Anyway, Orange isn’t on the top of my list for favorite colors so don’t ask me why I chose to use this color palette on “Sunset on the Villa”. But I’m pleased with the end result.
I imagine the owner has had a hard day at picking grapes and worked until sunset. One box of grapes was forgotten by the road. Now it’s time for dinner as a warm cozy fire begins to crackle. What’s for dinner? Perhaps spaghetti and meatballs with a nice glass of wine. My fave!
(The Tamarack Mountain Studio watermark is not on the painting. This is done for online purposes only).
Next up I’ll be doing some paintings of grapes and wine genres as a continuation of this Italian theme.
“Fishing on the St. Joe” is an 8″x10″ oil on panel that I painted last fall while on a camping trip with my husband. I started it on location by laying in all my values, then finished in studio. It was a cold and windy day in late September when I painted it and so didn’t get as far as I wanted to because I was freezing! I’m a light weight when it comes to extremes of temperature.
Anyway, I use my husband as a model but he tends to not stay in one place long enough for me to really capture him. I always have to use my reference photos to finish.
I sat in our UTV to paint this scene, to try and stay out of the cold wind and when I looked up from my work, he was gone!
Now this is a huge pet peeve of mine because number 1, I don’t know where he went. Number 2, I don’t like to be left alone in the forest. What if a bear came? Seriously? Or what if some unsavory characters came by? Or what if he fell and got hurt and I had no idea where he was? Number 3, what if I was ready to leave but couldn’t because I had no idea where he went? I mean really! This is a big issue with us. I always say to him, “Stay in eye contact with me”. He says okay, but then always disappears.

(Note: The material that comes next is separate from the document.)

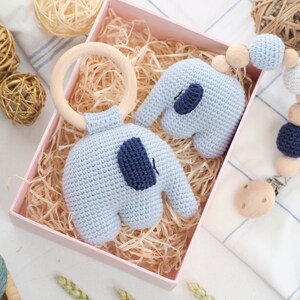 Puede incluir: Un conjunto de dos juguetes de elefante de crochet en azul claro con detalles azules. Un elefante est&aacute; unido a un anillo de madera y el otro es parte de un mordedor de cuentas de madera y clip.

So this year I plan on getting us some two way radios. Then when he disappears, I can call him and find out where he went. Or if one of us gets in trouble we can call for help. Mind you, we aren’t young, anything can happen! Plus I have a wild imagination and it makes my fears bubble up and get the best of me. I’ve had some eye opening stuff happen while I was out plein air painting alone, and won’t go by myself anymore. One time I was alone by the shore of a lake in the tall weeds and turned to grab a roll of paper towel only to find a man standing behind me watching me! I never heard him walk up and thankfully he was a park ranger, but it could have been a bad situation.
Anyway, I fussed and fussed with this painting and finally said “I’ve had it…I’m calling it done!” It’s been sitting in my studio since October waiting for me to “fix it” but I don’t want to work on it anymore. It’s good enough for me.
I’m ready for some new adventures and have cabin fever really bad! I’ve been cleaning the studio and getting my plein air kit ready to go in a moments notice, so when the warmer weather finally arrives, we can hit the road.
So here you go – the fourth in the Fly Fishing series with more to come. What do you think?
In my last post I shared a 16″x20″ painting I’ve been working on depicting an Italian scene at sunset. I’m now at the final adjustment stages and am very pleased with how this piece is progressing. Just a bit of contrast tweaking, and some other little details and I’ll be able to let this one dry for a long while before giving it a good coat of varnish.
It was painted with a limited palette consisting of only four colors, yellow ocher, cad. red, white and black. I did however add just a touch of cerulean blue to the shutters for a surprise pop of color. One thing that is hard for you to see is that the sun is not as large as depicted. The camera cannot pick up subtle variations in highlights.
(The Tamarack Mountain Studio watermark is not on the painting, but is instead signed with my maiden name.)
So it’s been snowing – ALOT! We had a very mild beginning of winter from Dec. all through Jan. Then things changed big time! First the polar vortex arrived the first week of Feb. and the temps dropped from the low 40’s to 10 for the day time highs with wind chills below zero. Whaaaat? It was sooo cold!
Then the snow arrived. And it dumped a foot of snow the other night! It’s been snowing constantly on and off for the past week. Here’s a peek at our backyard;
In the foreground are the table gardens, virtually gone. I did have some lettuce growing in the greenhouse but the polar vortex took care of that idea. No more lettuce. Next year I hope to have some kind of heat in place in the greenhouse.
In the meantime I’ve been doing some work on the painting I started last week.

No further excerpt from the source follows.